◆ TASK OBJECTIVE
The listing below begins with the first line you should copy; stop after the line containing "lululemon Softstreme 12", and drop every picture.
**** DATA FOR ANALYSIS
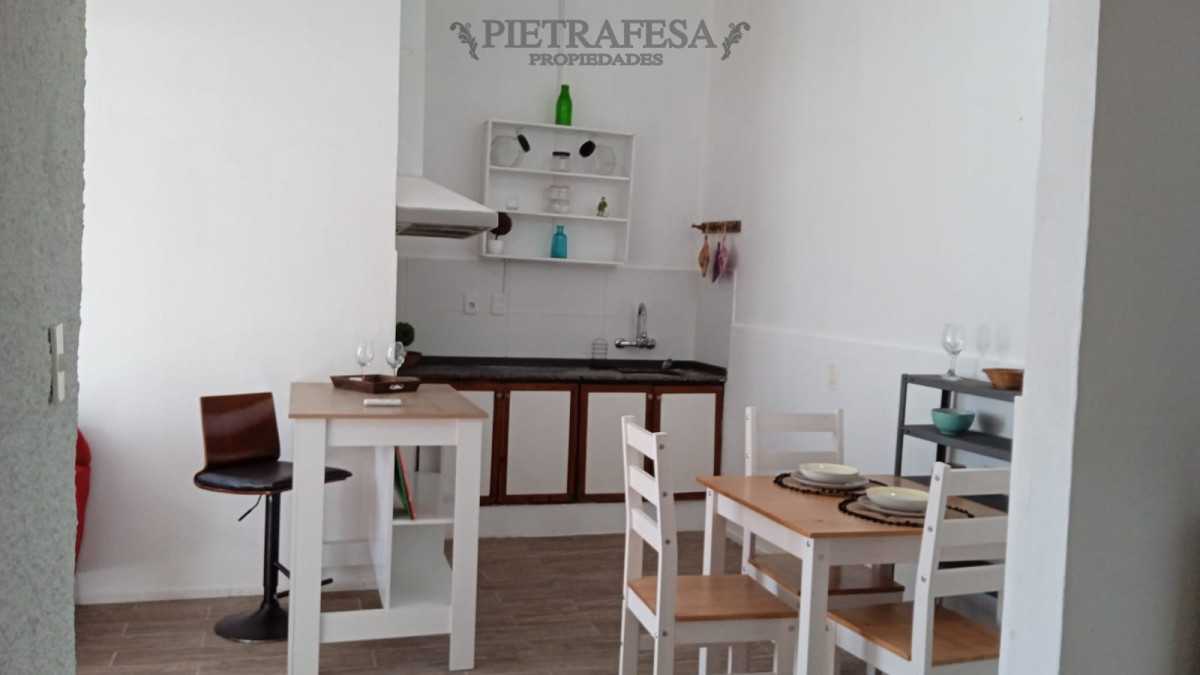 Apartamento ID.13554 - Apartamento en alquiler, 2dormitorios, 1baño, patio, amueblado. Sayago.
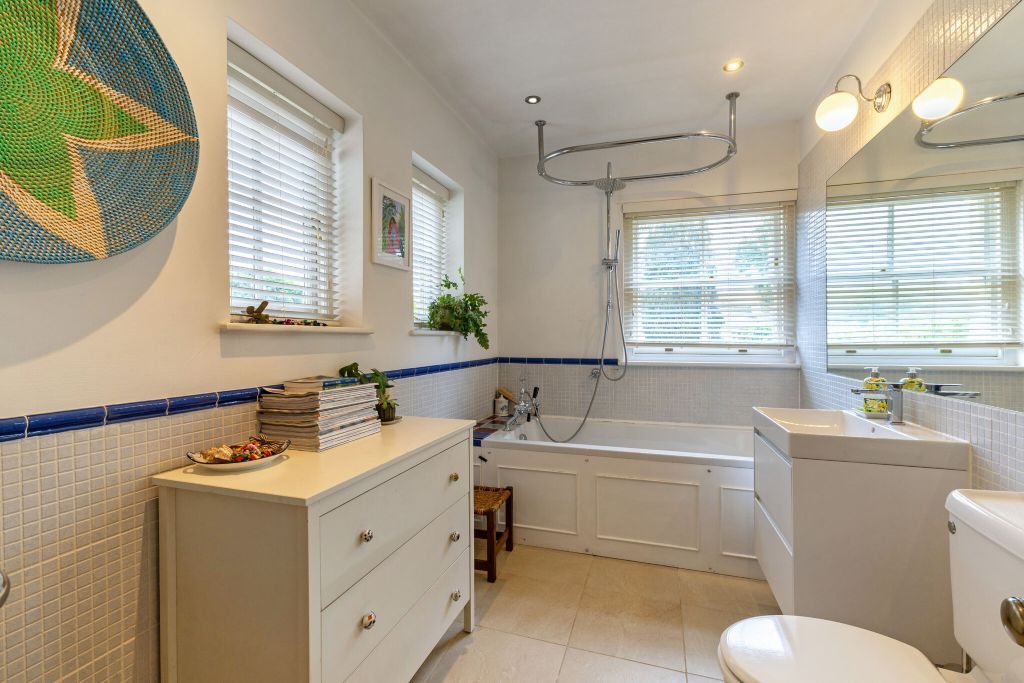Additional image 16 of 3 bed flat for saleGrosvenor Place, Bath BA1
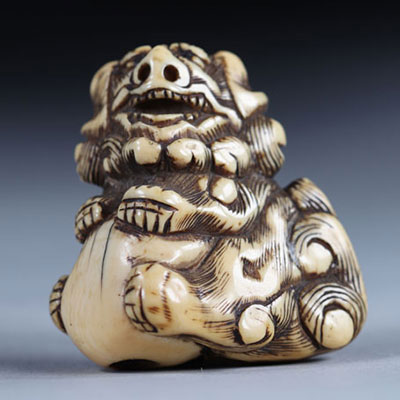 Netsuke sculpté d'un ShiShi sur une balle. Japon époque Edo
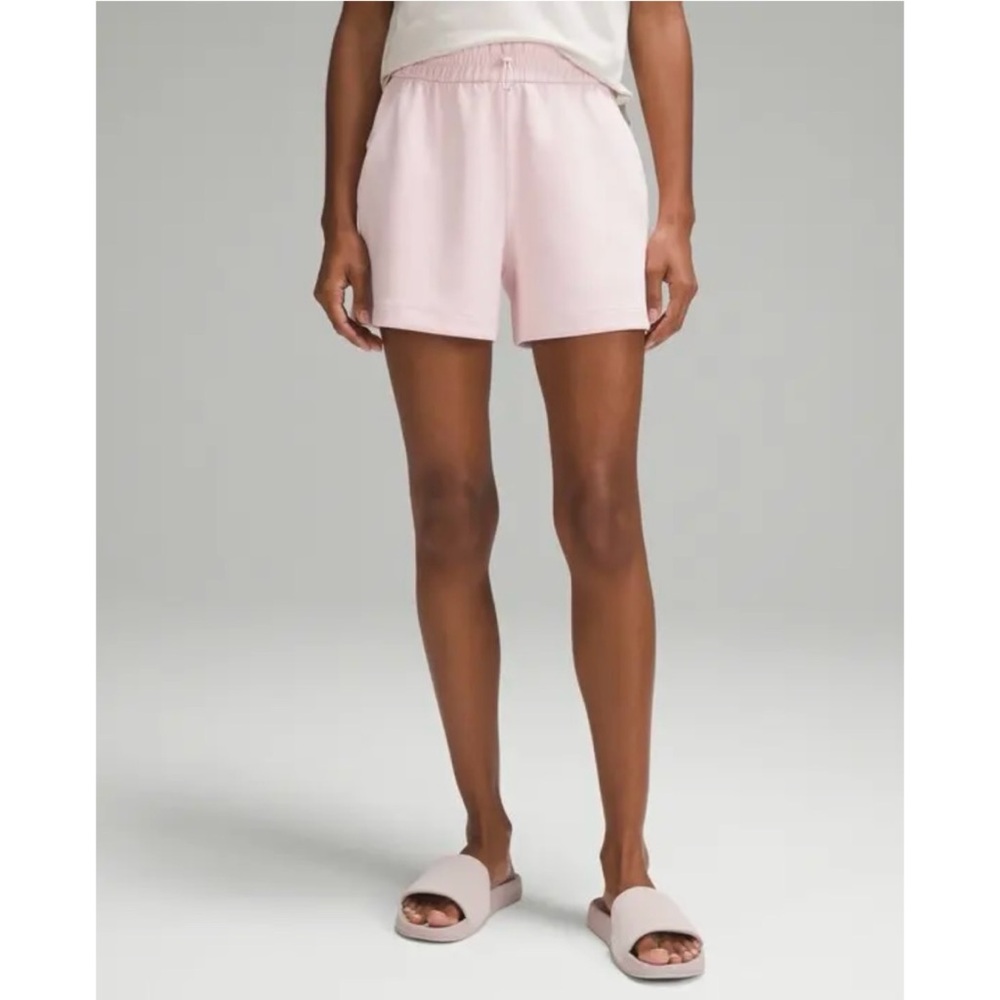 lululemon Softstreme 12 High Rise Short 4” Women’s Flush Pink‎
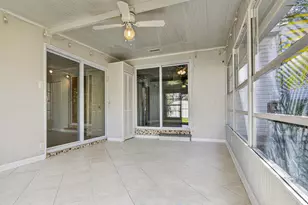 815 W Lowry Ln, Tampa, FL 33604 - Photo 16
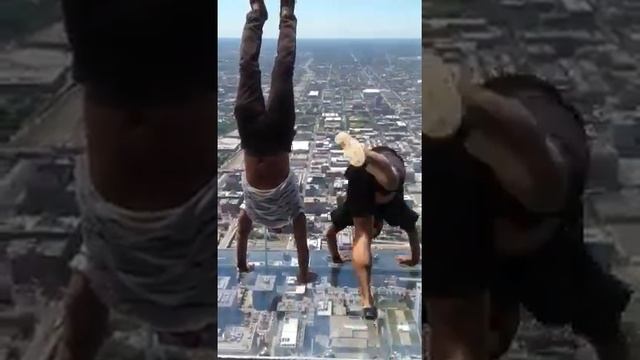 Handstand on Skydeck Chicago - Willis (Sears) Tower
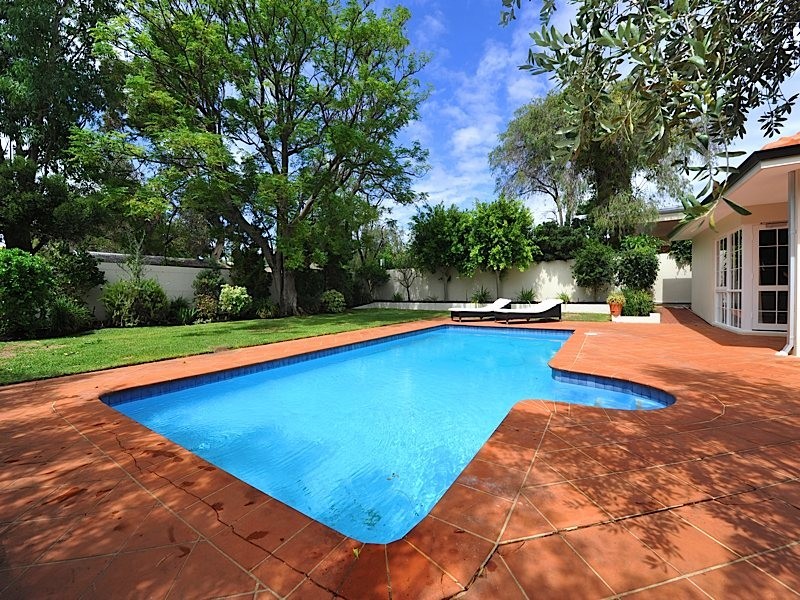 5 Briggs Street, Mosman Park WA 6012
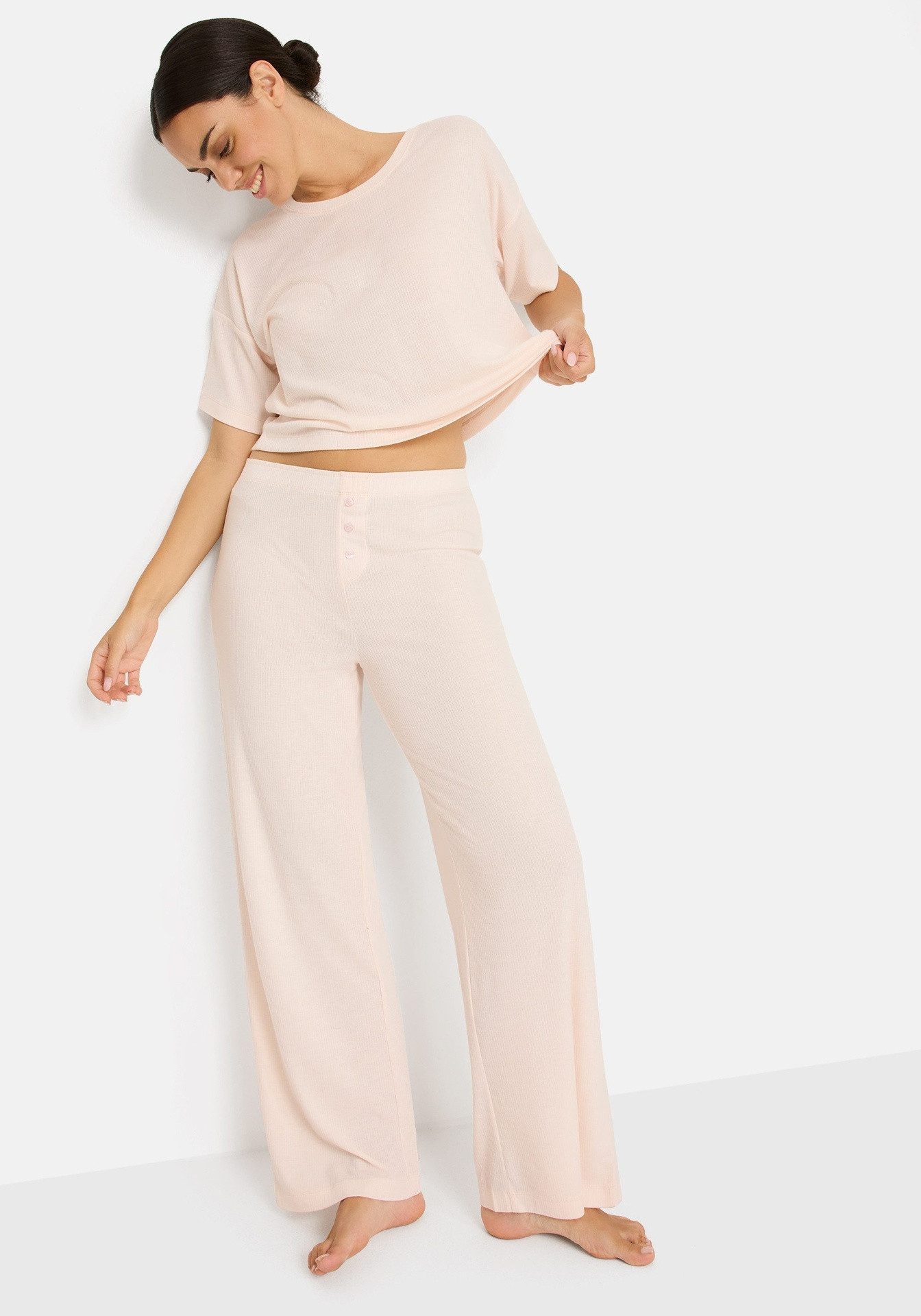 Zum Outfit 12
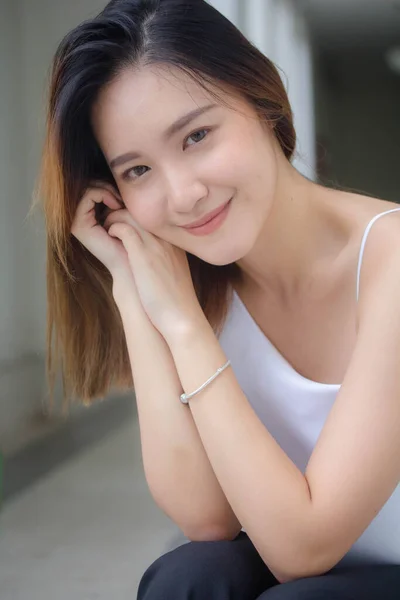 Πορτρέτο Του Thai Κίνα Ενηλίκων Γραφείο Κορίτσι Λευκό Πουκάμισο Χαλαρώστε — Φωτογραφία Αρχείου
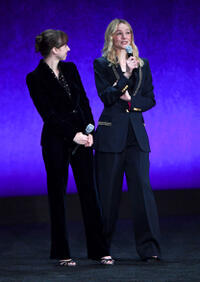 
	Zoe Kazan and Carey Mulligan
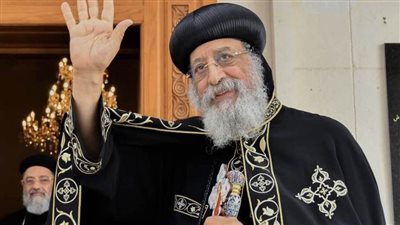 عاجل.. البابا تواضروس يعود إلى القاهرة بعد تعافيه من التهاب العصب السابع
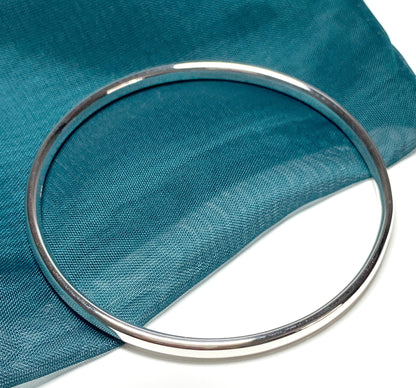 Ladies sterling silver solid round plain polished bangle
********
◆ SOLUTION TO THIS EXERCISE
 Apartamento ID.13554 - Apartamento en alquiler, 2dormitorios, 1baño, patio, amueblado. Sayago.
Additional image 16 of 3 bed flat for saleGrosvenor Place, Bath BA1
 Netsuke sculpté d'un ShiShi sur une balle. Japon époque Edo
 lululemon Softstreme 12 High Rise Short 4” Women’s Flush Pink‎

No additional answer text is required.